The checkpointing system uses a text file called sfstate.txt which simply has entries related to tasks in the task list.
Tasks in the task list have three states: ‘completed’, ‘failed’ and ‘pending’.
Completed: Task has already been run and will be skipped over if re-run
Failed: Task has failed and will be re-run
Pending: Task has not been executed and will be run
SeisFlows manages the sfstate.txt file on its own, however Users can manually edit the state file if they want certain tasks to be re-run. Simply open the task file with a text editor and change states.
Note
In the future we hope to improve the checkpointing system with a command line option to edit the file seisflows state, and with a more sophisticated system that can single out particular job failures to re-run.
Tasktime vs. Walltime
Jobs run on Clusters have two time-related parameters tasktime and walltime.
Walltime refers to the submission wall time given to the main job, whereas tasktime refers to the submission wall time given to each simulation job.
Tasktime is relatively simple to figure out - it should be set to the longest expected time it takes one simulation to finish. If running inversion workflows, expect that adjoint simulations will take longer to run w.r.t forward simulations. Be sure to add a little buffer time for serial processing steps taken before or after simulations.

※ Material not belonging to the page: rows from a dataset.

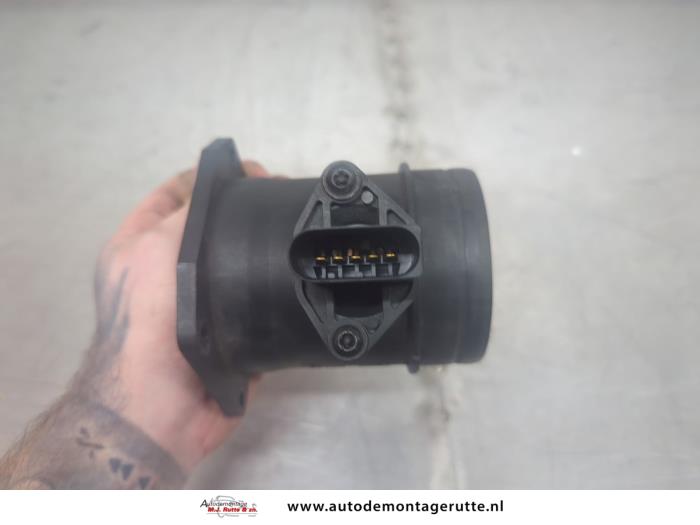 Luftflödesmätare från en Audi A4 Avant (B6) 2.0 20V 2002
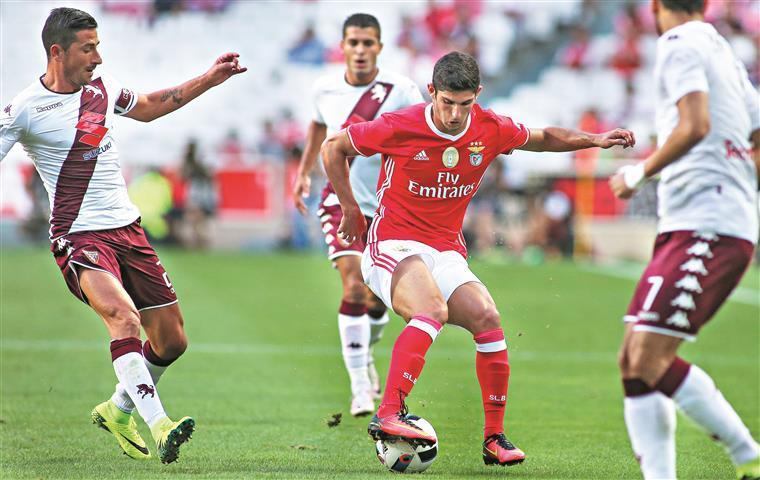 Gonçalo Guedes pode regressar ao Benfica por empréstimo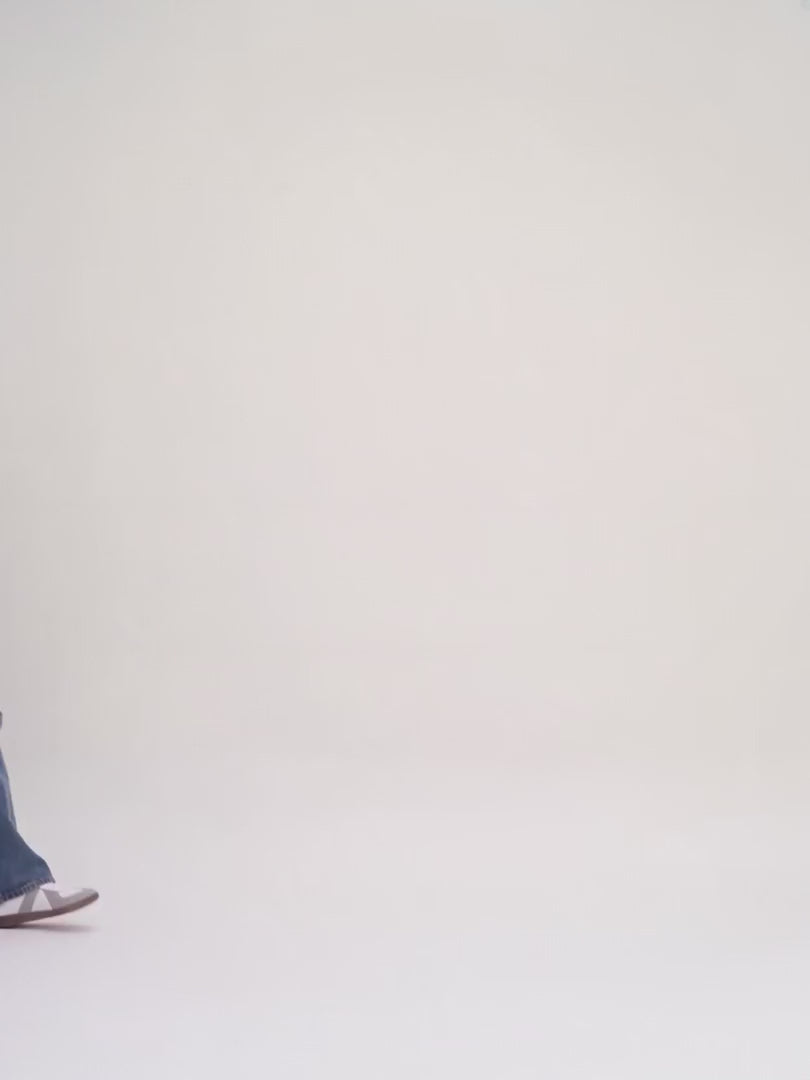 Cargar vídeo: Balenciaga Small City White Leather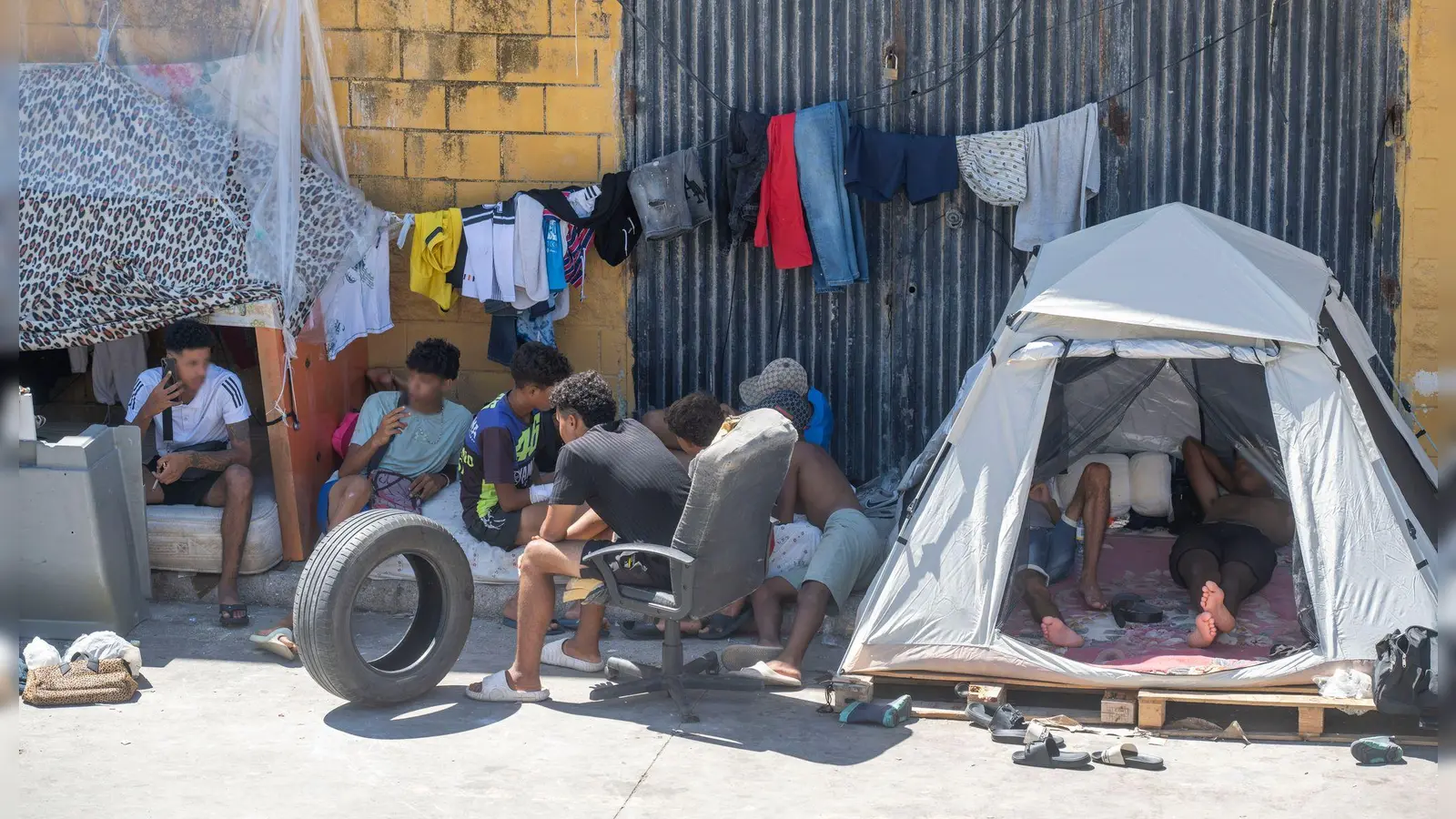 Die Lage in Spaniens Nordafrika-Exklave Ceuta ist zunehmend angespannt. Einheimische fordern die gewaltsame Rückführung von Migranten nach Marokko. (Archivbild) (Foto: Marcos Moreno/EUROPA PRESS/dpa)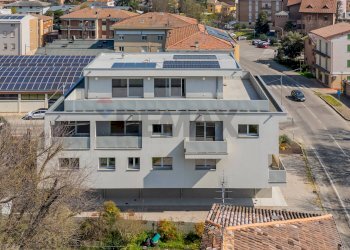 Edificio all\'aperto - Ufficio Via Camillo Cavour
 
80, Cavezzo - foto 16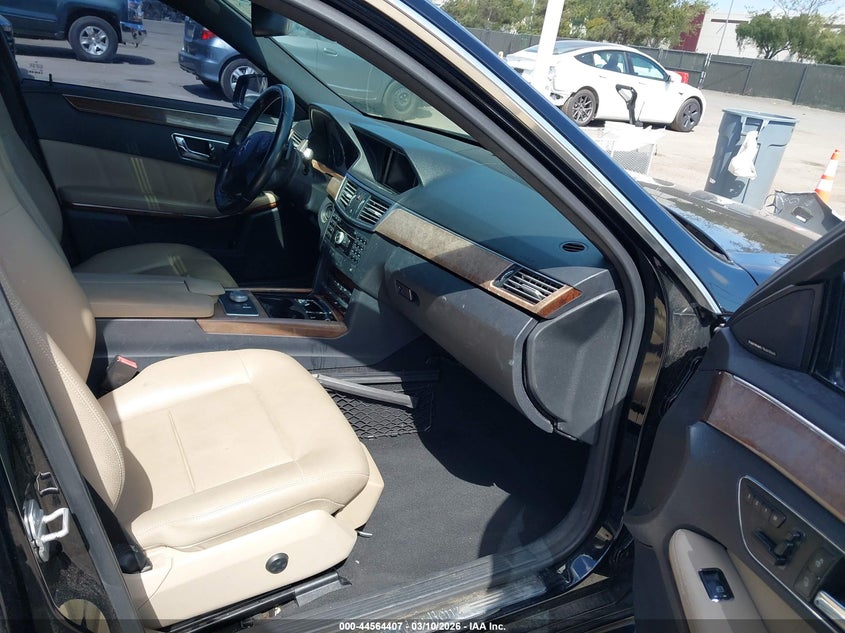 2010 Mercedes-benz E-klasse VIN WDDHF5GB8AA166421 IAAI salvage auction — RIGHT FRONT, Salvage (California), sold $1,150 on 2026-07-06 (photo 5)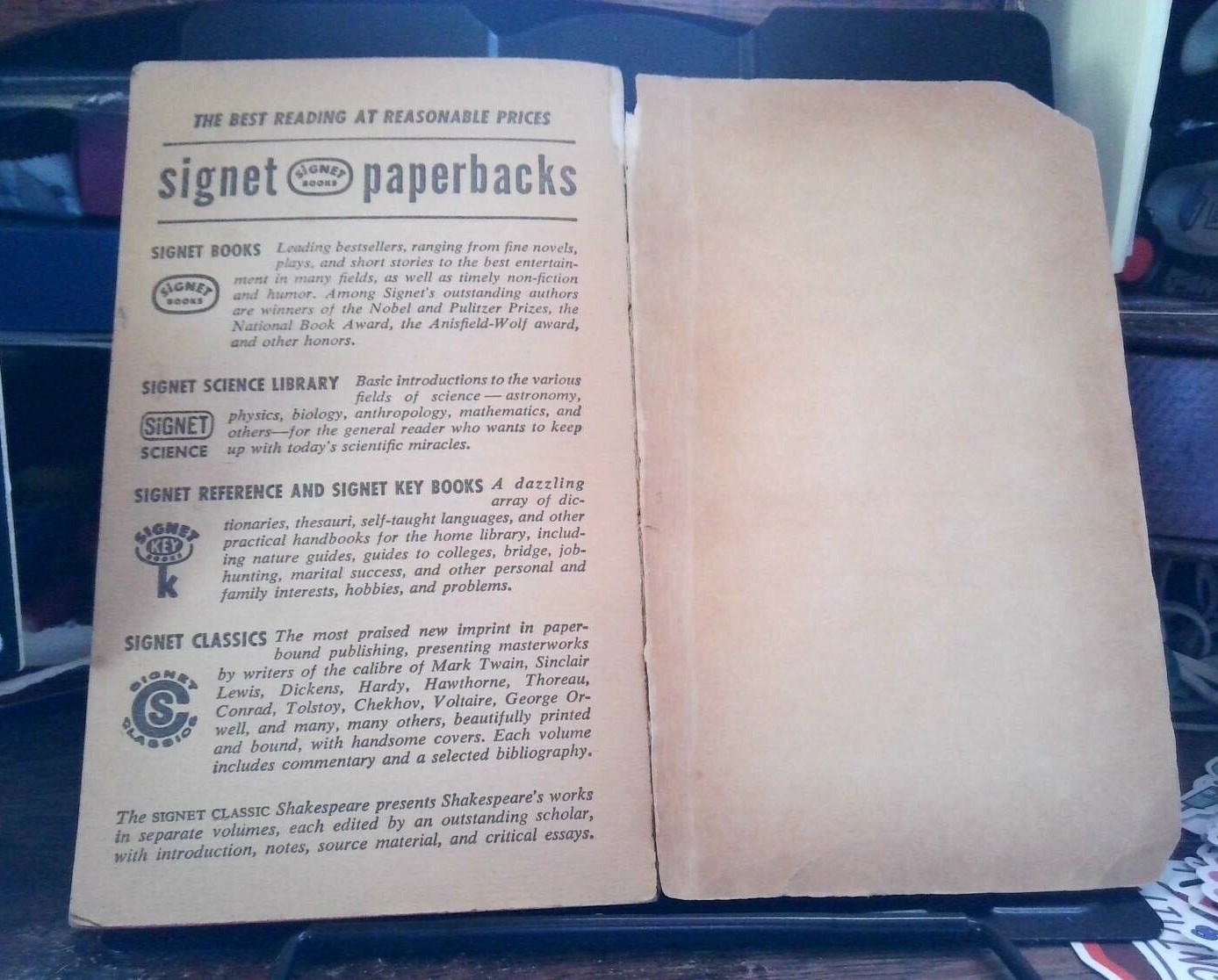 Murder is a package deal, The Carter Brown Mystery Series 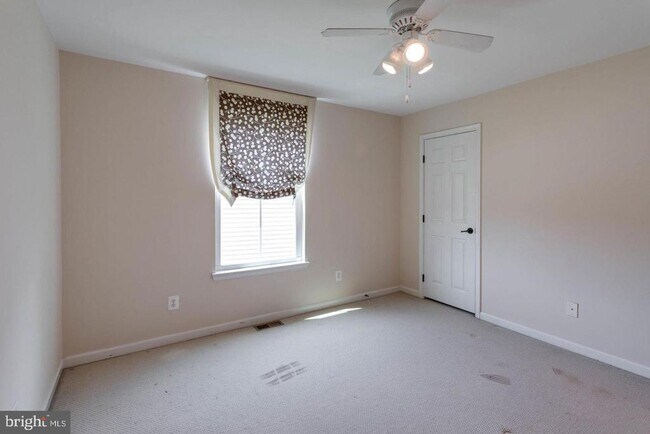 Building Photo - 12760 Manor Hall Ct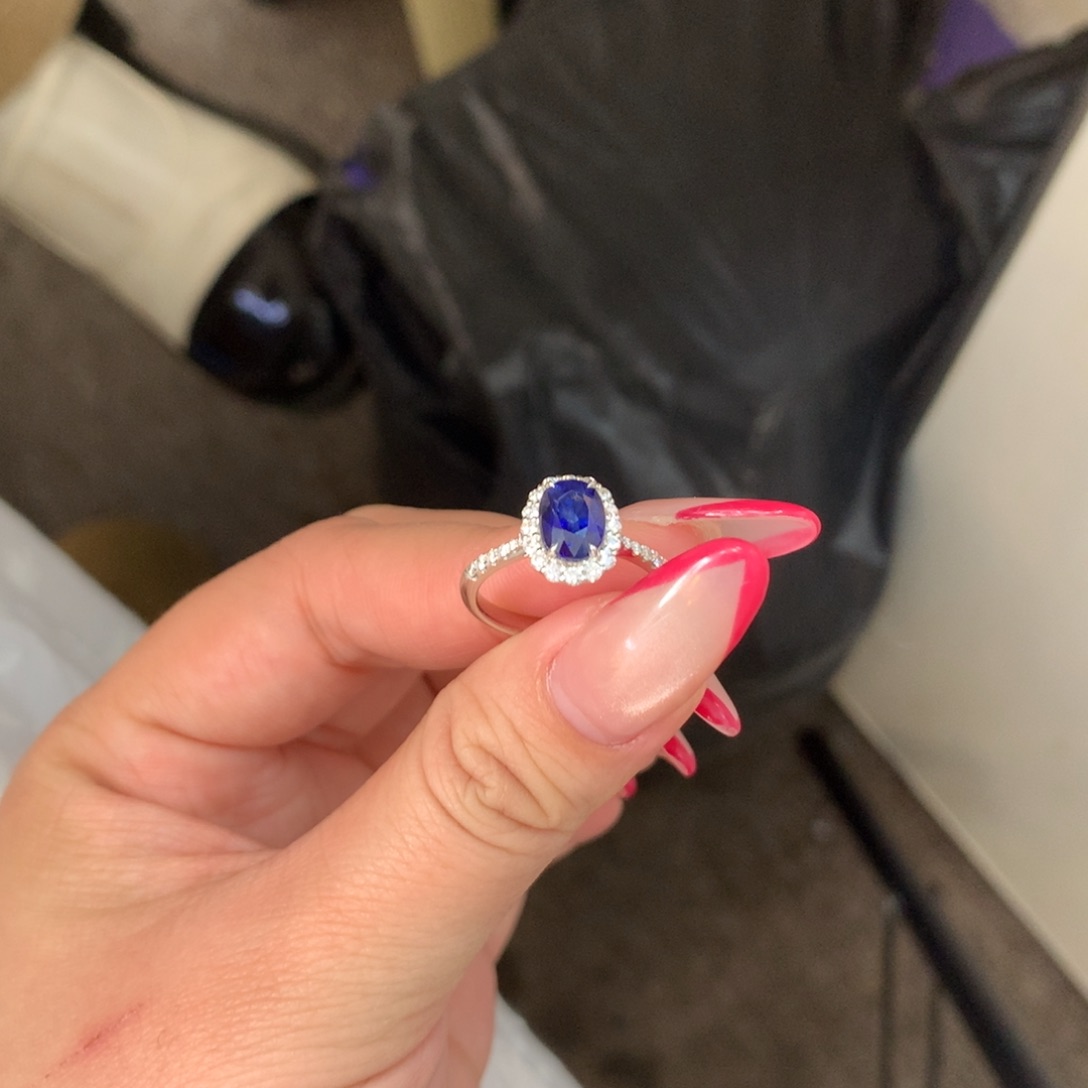 戒指蓝宝石18K金镶嵌蓝宝石戒指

Walltime should represent how long you think an entire workflow will take to run. At an extreme, this can be set to the longest allowable walltime on your system (e.g., 24 hours). Or you can try to calculate how long an entire workflow will take.
For example, if you are running a 2 iteration inversion where each simulation (tasktime) takes 10 min, then you may expect 1 forward simulation, 1 adjoint simulation and 2-3 forward simulations for the line search. Given open queues (i.e., all array jobs can run at the same time), this will equal roughly 2 iterations * 5 simulations / iteration * 10 minutes / simulation = 100 minutes.
In the above example, a User might want to add some buffer time for long queue times and non-simulation processing steps. An acceptable walltime might then be 150-200 minutes.